Augusto Monterroso

1 de abril de 2010

Aunque nació en Tegucigalpa, capital de Honduras, su nacionalidad es la guatemalteca y desde 1944 su residencia habitual se halló en México, país al que se trasladó por motivos políticos.

Desde muy joven se implicó en la actividad política de su país, que compaginó con la temprana actividad en el campo de la literatura.

Ya había publicado algunos relatos cuando participó en la fundación de la revista Acento, que sería uno de los núcleos intelectuales más inquietos de Guatemala en una época de incesantes convulsiones sociales: la controvertida presidencia del liberal Jorge Ubico Castañeda, los alzamientos populares de 1944, sucesivos cuartelazos y la omnipresencia en todos los órdenes de la vida nacional de la compañía estadounidense United Fruit Company, son algunos de los episodios más representativos de este periodo.

En el exilio, Augusto Monterroso comienza a publicar sus textos a partir de 1959, cuando entregó a la imprenta "Obras completas (y otros cuentos)", colección de historias donde ya se prefiguran los rasgos fundamentales de lo que será su personalísima narrativa.

Una prosa concisa, sencilla, accesible, donde siempre late la conciencia de los grandes hitos de la literatura y una abierta inclinación hacia la parodia, la fábula y el ensayo, sienta los cimientos de un universo inquietante, cuyo idioma oficial oscilaría entre el absurdo, el humor negro y la paradoja.

Otros títulos de su producción, signada siempre por la brevedad, son: "La oveja negra y demás fábulas" (1969), "Movimiento perpetuo" (1972) o la novela "Lo demás es silencio" (1978), donde da vida al heterónimo Eduardo Torres.

También inclasificables, aunque más próximos al área de la reflexión literaria, no exenta de creatividad y fantasía, son los textos: "La letra e: fragmentos de un diario" (1987), "Viaje al centro de la fábula" (conversaciones, 1981) o "La palabra mágica" (1983). Su composición -"Cuando despertó, el dinosaurio todavía estaba allí"- está considerada como el relato más breve de la literatura universal.

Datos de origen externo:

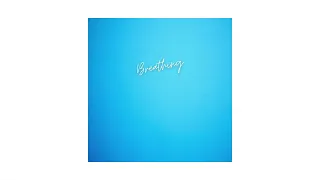 Koshun Nakao - Breathing (Official Audio)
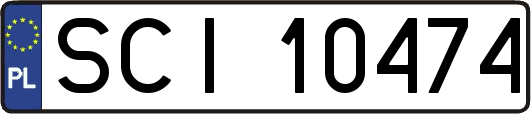 SCI10474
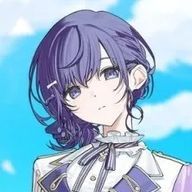 𝒩ℴ𝓃ℴ𝓀𝒶❅さんのアイコン画像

Ha sido galardonado con el premio Villaurrutia en 1975 y en 1988 con la condecoración del Aguila Azteca. En 1996, año en que dio por concluido su exilio, se le otorgó el Premio 'Juan Rulfo' de narrativa y reunió en el volumen "Cuentos, fábulas y lo demás es silencio" el conjunto de su obra de ficción. Actuó además como intermediario en las negociaciones de paz entabladas entre el gobierno y la guerrilla revolucionaria de su país.


Cuento:

EL ECLIPSE

Cuando fray Bartolomé Arrazola se sintió perdido aceptó que ya nada podría salvarlo. La selva poderosa de Guatemala lo había apresado, implacable y definitiva. Ante su ignorancia topográfica se sentó con tranquilidad a esperar la muerte. Quiso morir allí, sin ninguna esperanza, aislado, con el pensamiento fijo en la España distante, particularmente en el convento de los Abrojos, donde Carlos Quinto condescendiera una vez a bajar de su eminencia para decirle que confiaba en el celo religioso de su labor redentora.

Al despertar se encontró rodeado por un grupo de indígenas de rostro impasible que se disponían a sacrificarlo ante un altar, un altar que a Bartolomé le pareció como el lecho en que descansaría, al fin, de sus temores, de su destino, de sí mismo.

Tres años en el país le habían conferido un mediano dominio de las lenguas nativas. Intentó algo. Dijo algunas palabras que fueron comprendidas.

Entonces floreció en él una idea que tuvo por digna de su talento y de su cultura universal y de su arduo conocimiento de Aristóteles. Recordó que para ese día se esperaba un eclipse total de sol. Y dispuso, en lo más íntimo, valerse de aquel conocimiento para engañar a sus opresores y salvar la vida.

—Si me matáis —les dijo— puedo hacer que el sol se oscurezca en su altura.

Los indígenas lo miraron fijamente y Bartolomé sorprendió la incredulidad en sus ojos. Vio que se produjo un pequeño consejo, y esperó confiado, no sin cierto desdén.

Dos horas después el corazón de fray Bartolomé Arrazola chorreaba su sangre vehemente sobre la piedra de los sacrificios (brillante bajo la opaca luz de un sol eclipsado), mientras uno de los indígenas recitaba sin ninguna inflexión de voz, sin prisa, una por una, las infinitas fechas en que se producirían eclipses solares y lunares, que los astrónomos de la comunidad maya habían previsto y anotado en sus códices sin la valiosa ayuda de Aristóteles.